For each Linux distribution, we noted the smoothness of the install process, the abundance and integration of application software, and the depth of the support offering. Along the way, we got a feel for each distro's stability, and how it would feel to do real work with it.

What we found
All five distributions come with a good -- and very similar -- selection of core applications, including OpenOffice for office productivity, Gaim for instant messaging and Evolution for email, contact management and calendar functionality. All of the distros are well packaged and install on standard PC hardware without too much trouble. Some, notably SUSE and Ubuntu, also worked well on our test notebook -- which might surprise those who think of Linux as purely a desktop or server OS.

In each case, we wrote the actual review on the test system, exchanged documents and exported the review in RTF format. During the whole exercise, we only experienced one system crash (on Mandriva, as it happens).

There is quite a lot of variety in the installation systems, with Novell's YaST2 a particularly shining example, performing a good job in a clearly understandable way, and returning as a system management tool in the operating system itself. Mandriva's install tool was also good -- particularly in areas like printer setup.
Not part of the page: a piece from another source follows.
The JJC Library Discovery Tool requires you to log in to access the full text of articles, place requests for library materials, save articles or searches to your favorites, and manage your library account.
If only printer setup was so easy in the operating system itself!

Most of the distros include a good update facility that will keep the software current by automatically downloading patches and new versions, prompting the user to install them.

And the winner is...
We emerged from our Linux experience with a strong preference for Ubuntu Linux 5.10, with SUSE Linux 10 a close second. Both did everything we required of them, and both have very low setup costs. Ubuntu, in particular, costs absolutely nothing to purchase.
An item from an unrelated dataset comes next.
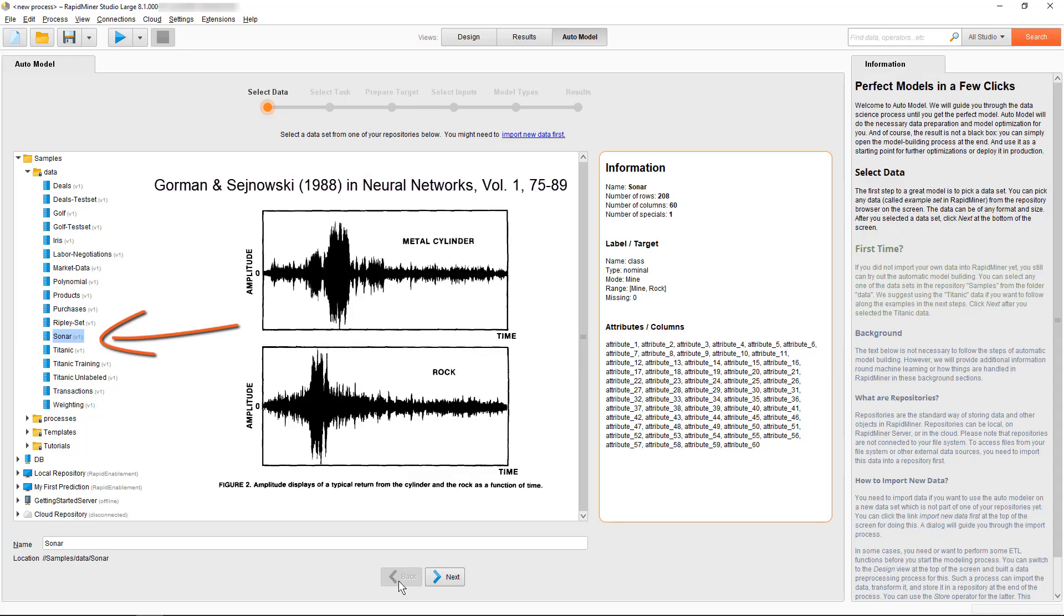The data in the SONAR example set are SONAR returns collected from a metal cylinder and a cylindrically shaped rock positioned on a sandy ocean floor. We have a total of 208 return signals, out of which each is described with 60 different data points, representing the response amplitude of a certain frequency band.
When choosing an operating system for your business, local support may be crucial. For instance, there may be Windows applications that need to be ported, or run in a Windows emulator on Linux. In which case you may need an integrator with experience in your particular line of business.

If you prefer to deal with a consultancy-like support service, then Novell Linux Desktop 9, may be a good move, while the very corporate Red Hat Desktop 4, could prove a sensible option for companies with large numbers of desktops.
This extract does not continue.